Govt Vaccinates Young Girls Against Cervical Cancer In Malawi

By Lameck Masina

Malawi officials say the country has the world’s highest rate of cervical cancer, but only two oncologists serving the nation of 17 million people. In an effort to reduce cervical cancer deaths, the government has rolled out a massive vaccine campaign against the human papilloma virus (HPV), which can cause cervical cancer.


The immunization project follows a pilot effort in two districts between 2013 and 2015.

The campaign is run with funding from the Global Alliance on Vaccines and is expected to reach 1.5 million girls between the ages of 9 and 14 across the country.

The U.N. children’s agency, UNICEF, is among organizations implementing the project.

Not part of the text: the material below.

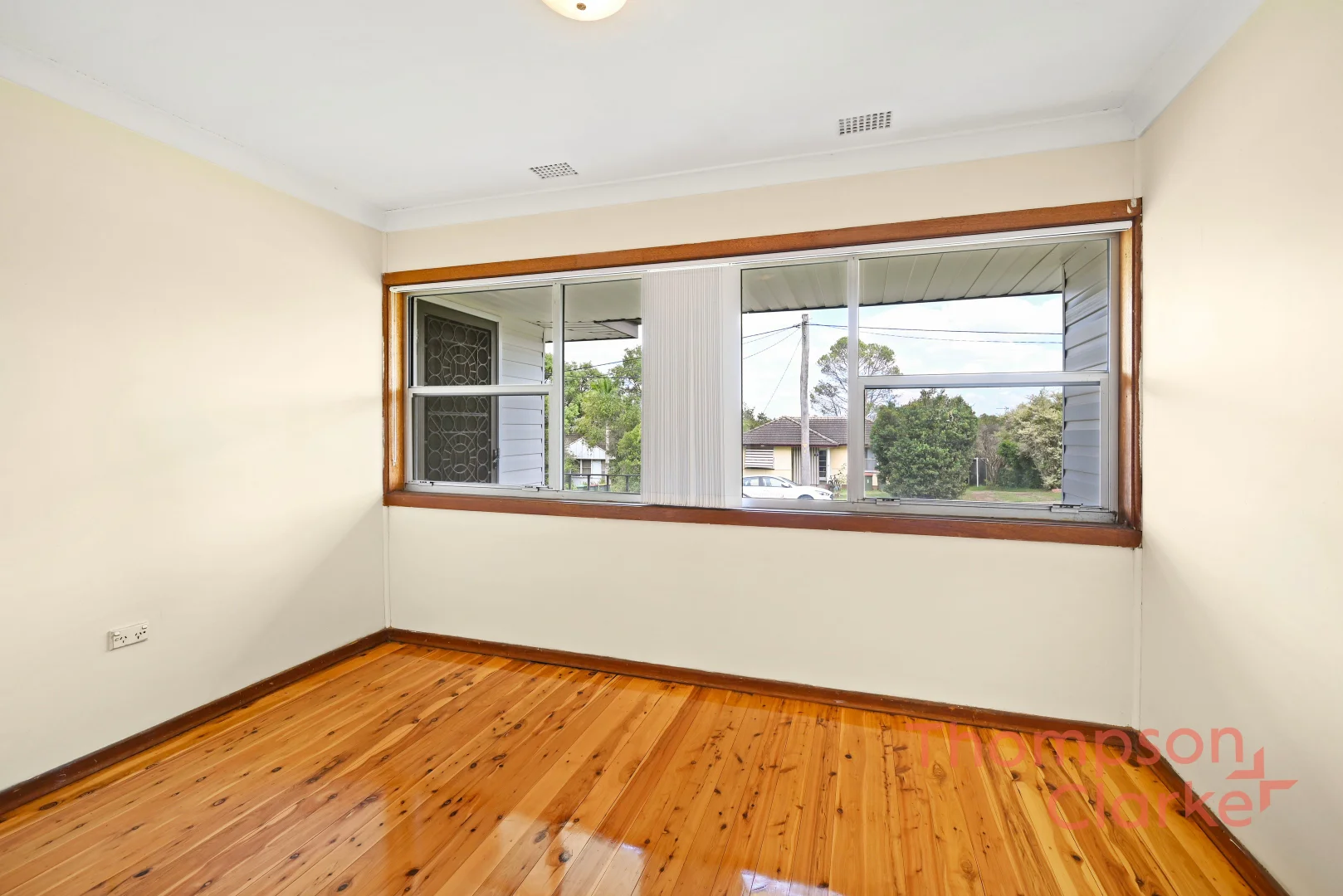 Additional image 2 of 7 Ivor Street, Telarah NSW 2320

“The disease starts when you engage in sexual behavior and contract a virus we call human papilloma virus that causes cancer slowly, over time,” said Steve Macheso, an immunization specialist for UNICEF in Malawi. “So we are trying to catch the girls early before their sexual debut so that when even they contract human papilloma virus, the virus does not cause cancer when they grow up.”

Other organizations supporting the effort are the World Health Organization and the Clinton Health Access Initiative.

Health experts say cervical cancer causes the largest number of cancer deaths among women in Malawi.

“For the whole Malawi, we are talking about close to 3,600 new cases every year. And over 2,000 of these women die from this kind of cancer every year. This is the highest number of cervical cancer cases in the world,” said Dr. Leo Masamba, one of only two oncologists in Malawi.

 Masamba says results of the HPV vaccination effort will not be felt for decades.

“In between, whilst we are waiting for those 10 to 30 years, there will still be quite a lot of cervical cancer cases coming from people that have already been infected with HPV now. We need to make sure that treatments are still available, and other interventions like palliative care is still available,” Masamba said.

 Loveness Kalanda is happy that her 9-year-old daughter will be vaccinated.

“I wish if it was possible, government should have considered vaccination for us older women because this disease is not selective,” she said, adding that she wished there were another way to protect older women from the disease.

Jonathan Chiwanda, the national cancer coordinator in the Ministry of Health, told reporters in the capital, Lilongwe, that measures are in place to tackle the disease.

“All along we have been doing surgeries, we have been offering chemotherapy. We have also been giving antiretroviral drugs with help from remission for the Kaposi sarcoma (type of cancer),” he said.

In addition, he said, the government will soon open its first-ever cancer center in Lilongwe, which will be offering radiotherapy and other treatment to patients.